Our group consisted of two donors, Mark and Monica, a photographer, Charles, us, and Randy and Turtle, NJP’s staff/guides. After the 12 hours of driving Burt and I headed straight to bed after dinner and didn’t really get a good look at our companions. We were grateful for the warm food and welcome gifts of NJP hats and personal napkins. In the morning we had some more filling and tasty vegan food and then piled in a pickup for a nearby hike.
All seven humans and three dogs rode up the steep mile or so to another defunct ranch. We would hike up the a tight, wet canyon and pass some camera traps and see what some people consider the spiritual heart of the reserve. In fifteen bumpy minutes we reached our starting point. The abandoned ranch buildings were full of wood perfect for our project. It will be fun to deconstruct and reconstruct out in the wilderness. The old wood will look beautiful in a new situation.

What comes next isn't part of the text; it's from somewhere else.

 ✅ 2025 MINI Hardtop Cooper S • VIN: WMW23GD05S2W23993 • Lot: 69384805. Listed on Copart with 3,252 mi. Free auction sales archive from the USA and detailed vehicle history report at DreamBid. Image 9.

Pretty quickly we reached a camera trap. Randy and Turtle removed the data chip and tried to find a camera that could reveal its secrets. There are a few different models of cameras in use at the reserve and they all have their own way of formatting chips. Luckily our third and last try at reading the chip was successful. The chips and batteries are changed out every one to three months. Since this particular trap’s chip had been changed four mountain lions, a few bobcats, and an ocelot had passed by the trap. The ocelot passed just the day before we did. Smiles all around thinking the ocelot was nearby watching us. As Randy says, I haven’t seen a jaguar but I know they’ve seen me. I like that feeling.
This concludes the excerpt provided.